Association of serum glial fibrillary acidic protein with progression independent of relapse activity in multiple sclerosis.

OBJECTIVE: Insidious disability worsening is a common feature in relapsing-remitting multiple sclerosis (RRMS). Many patients experience progression independent of relapse activity (PIRA) despite being treated with high efficacy disease-modifying therapies. We prospectively investigated associations of body-fluid and imaging biomarkers with PIRA.

METHODS: Patients with early RRMS (n = 104) were prospectively included and followed up for 60 months. All patients were newly diagnosed and previously untreated. PIRA was defined using a composite score including the expanded disability status scale, 9-hole peg test, timed 25 foot walk test, and the symbol digit modalities test. Eleven body fluid and imaging biomarkers were determined at baseline and levels of serum neurofilament light (sNfL) and glial fibrillary acidic protein (sGFAP) were also measured annually thereafter. Association of baseline biomarkers with PIRA was investigated in multivariable logistic regression models adjusting for clinical and demographic confounding factors. Longitudinal serum biomarker dynamics were investigated in mixed effects models.

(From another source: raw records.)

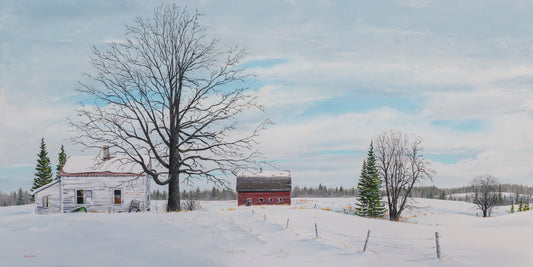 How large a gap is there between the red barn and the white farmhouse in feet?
56.6

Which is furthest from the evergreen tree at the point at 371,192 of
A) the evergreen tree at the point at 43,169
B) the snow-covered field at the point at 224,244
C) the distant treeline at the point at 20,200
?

RESULTS: Only sGFAP was significantly higher in PIRA at baseline (median [IQR] 73.9 [60.9-110.1] vs. 60.3 [45.2-79.9], p = 0.01). A cut-off of sGFAP > 65 pg/mL resulted in a sensitivity of 68% and specificity of 61%, to detect patients at higher risk of PIRA. In a multivariable logistic regression, sGFAP > 65 pg/mL was associated with higher odds of developing PIRA (odds ratio 4.3, 95% CI 1.44-12.86, p = 0.009). Repeated measures of sGFAP levels showed that patients with PIRA during follow-up had higher levels of sGFAP along the whole follow-up compared to stable patients (p < 0.001).

CONCLUSION: Determination of sGFAP at baseline and follow-up may be useful in capturing disability accrual independent of relapse activity in early RRMS.